The biggest discrepancy involves unemployment, which reached 8.9 percent last month. The White House sees the number declining to an average of 7.9 percent next year, well below the CBO’s 9 percent estimate and the blue chip 9.5 percent.’The (Obama) unemployment number is crazy,’ said Roberton Williams, senior fellow at the Urban Institute-Brookings Institution Tax Policy Center.

[. . .]

“Even using their . . . economic assumptions — which now appear to be out of date and overly optimistic — the administration never puts us on a stable path,” said Marc Goldwein, the policy director of the nonpartisan Committee for a Responsible Federal Budget.

When you look at these numbers and yesterday’s healthcare showmanship you get the sense that the Obama team has political plans — for attacking the other side, putting on press conferences and getting Democratic votes — but no substantive approach on the policy side to resolve the difficult problems we face. Frankly, these are smart people so they must understand that they haven’t begun to pay for any of this. And by being so extraordinarily dishonest with voters, they are only making the day of reckoning that much more difficult.

Rick Klein at The Note put it this way:

Can the game have really changed if we’re still playing the same game?

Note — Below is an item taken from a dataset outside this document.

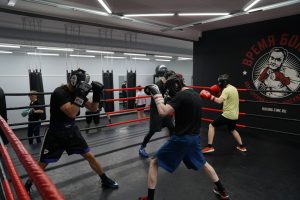 Искусство оставаться неуязвимым: Полный гид по защите в боксе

The Obama White House has again shown it knows how to make a splash — even though we’re not sure yet exactly what’s in the pool at this watershed. (What’s better — a budget with no numbers, or a healthcare plan with no plans?) So far, President Obama has found perceptions to be easier to manage than realities. You want fiscal discipline? The deficit just grew by more than those proposed budget savings. Economic recovery? Jobs are already being created by the stimulus — still not nearly as fast as they’re being lost, mind you. Healthcare reform? We’ll always have that photo-op . . . (And if Team Obama really had much more than that right now, might we be getting it?)

I don’t know how the Obama team intends to avoid the inevitable math. It is one thing to convince huge Democratic majorities to vote for cotton candy budgets and fantasyland healthcare ( by saying it all pays for itself). But after the photo ops and dog-and-pony summits this will entail governing. You have to pay for it, and you have to eventually face the music. One senses the Obama team has no idea how and when they’re going to do all that.